Just over 500 people have joined.  Riddell says once membership reaches 800,  the organization will lease a downtown space.  He hopes that will happen in the fall, but Riddell says the timeline isn’t important.

“Our primary goal here is to open a store that will be adequately financed and well supported from the outset in order to be a success in the future,” says Riddell.  “We’re not tied to a specific date.”

The 6,000 square foot store Riddell and his group envision would take the place of a downtown Grand Union supermarket which closed 14 years ago.

Riddell says Granite City Co-op will be different from some older coops and natural foods stores. 

There will be an emphasis on locally produced foods but it will also carry many typical supermarket brands and items to meet the demands of a broad cross section of residents.

“We’re not talking about opening an exclusively natural foods market in downtown Barre, we’re talking about opening a grocery store that will be acceptable to all kinds of people who live and work in Barre,” he says.

Ridell estimates that the coop will need 1200 members when it opens.  He says membership funds are only a fraction of the roughly $4 million dollars it could take to open and sustain the market.  The rest of the money will have to come from bank loans and grants.

In Morrisville a similar effort to organize a co-op has attracted 350 paying members so far.

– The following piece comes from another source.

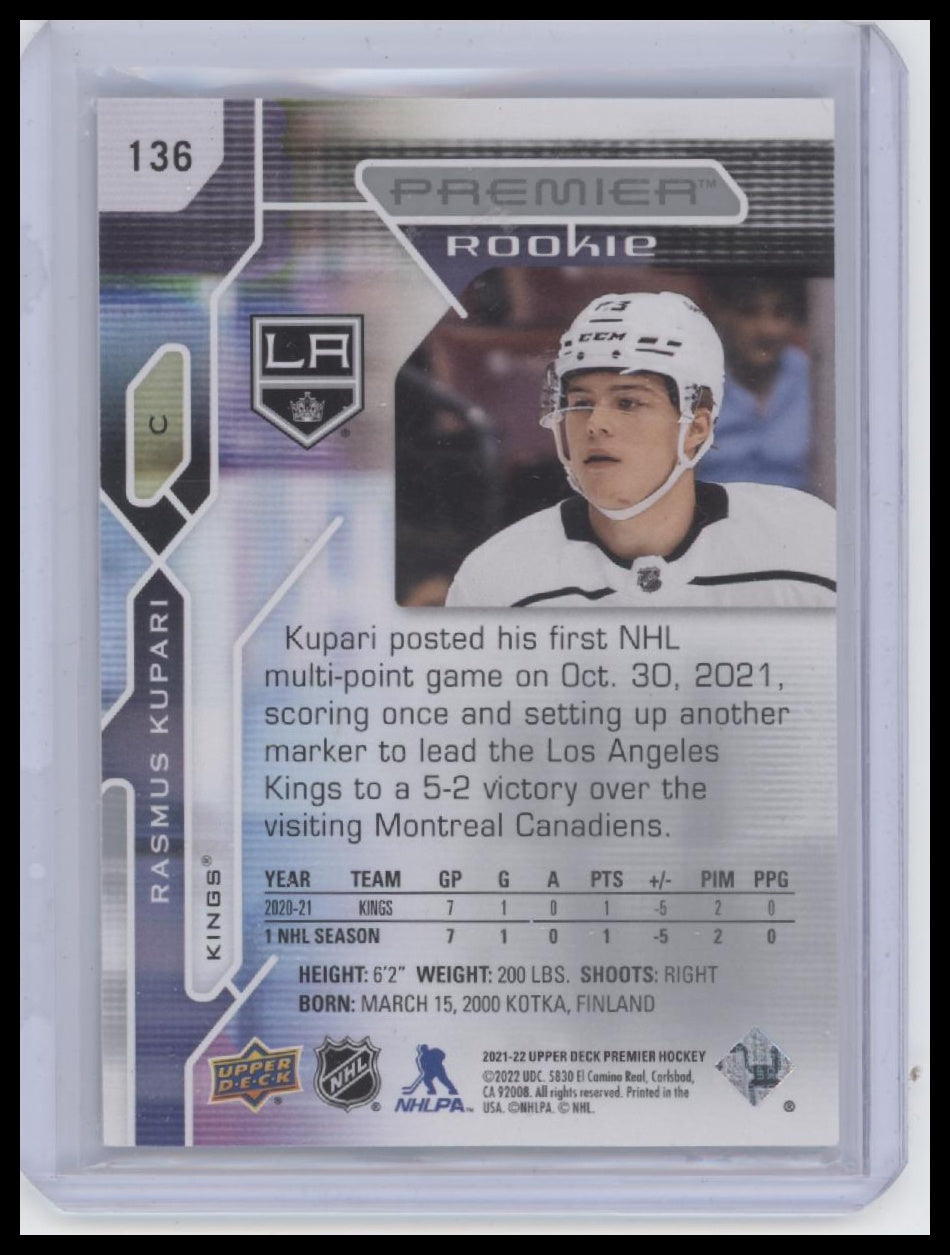 2021-22 Upper Deck Premier #136 Rasmus Kupari #/399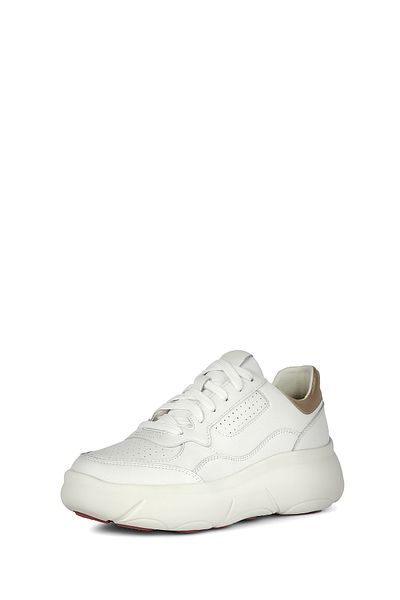 Geox White Nebula 2.0 X Thick Sole Women's Sneakers - Lace-up, Leather D45nhb046nfc1000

Coop board chairman Peter Christie says financing, location, operating costs and many other details remain to be worked out before the co-op becomes a sure thing.

“I think that’s an ongoing process,” Christie says. “You keep testing and saying, ‘yes, ok, let’s go to the next step’.  I think we have the obligation to constantly be checking the feasibility.”

As in the other communities, Christie says the Morrisville Food Co-op will cater both to people who are interested in natural foods and those who are not. 

He says bringing a grocery store back to the downtown area could attract more businesses and provide Morrisville with economic benefits beyond supporting local farms.

”The co-op format means that all the economic activity stays within the community as opposed to being sent off distant corporations,” says Christie.

The three Vermont co-op are among 113 nationwide that are in various stages of development.

Most take from three to five years to go from signing up their first members to opening their doors.